Inside the Clock Shadow Creamery, just before I bumped into Lori.

Hmmm, did we meet in person or on Facebook?

Yesterday, I attended the grand opening of the FIX building, 538 S. 2nd St., home of the Clock Shadow Creamery and Purple Door Ice Cream. After getting my son through the classic childhood trauma of licking his scoop of balsamic strawberry right onto the floor, I walked outside and ran into contributing writer, Lori Fredrich and her husband, Paul.

"Oh, hey," I said casually.

We proceeded to chat about ice cream flavors, whether or not we were touring the building and a few other this-and-thats. Then we departed.

But as I was walking away, it dawned on me that I might not have met Lori or Paul in person before.
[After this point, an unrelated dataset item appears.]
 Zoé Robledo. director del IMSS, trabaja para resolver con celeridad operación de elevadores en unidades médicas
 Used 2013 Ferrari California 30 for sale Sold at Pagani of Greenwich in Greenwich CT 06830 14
I started scrambling for memories, trying to remember if I met them at a work function in the past. I couldn't think of one.

Finally, I came to the conclusion I had not met them in person before, but because we are all such avid social media users – and I read Lori's articles religiously on – it really felt like we knew each other.
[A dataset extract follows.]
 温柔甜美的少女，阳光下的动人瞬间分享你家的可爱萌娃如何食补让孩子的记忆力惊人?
It's funny to think that because of social media we did not have the usual, "Nice to finally meet you in person" exchange. But it's a relief, actually. Instead of niceties, we just went right into it and talked about more interesting issues like whether or not the whiskey ice cream really tastes like whiskey or not.

So much has been written and said about how computers / social media are robbing us of real human contact, and I believe this to be true to an extent. But on the other hand, I find that technology connects me to others in a very human way.

I felt instantly comfortable in Lori's presence because I do know her. Through Facebook and Twitter, but still. Social media outlets serve a purpose I never thought about before: they are ice breakers. Platitude busters. In some cases, even first dates.

Before I wrote this, just to make sure I wasn't forgetting an in-person social interaction with Lori, I messaged her to ask, a bit sheepishly, if we had ever met before in person.

"I don't think we met in person before – though I don't blame you for being somewhat perplexed," she wrote back. "I really do feel like I probably know more about you than I ought."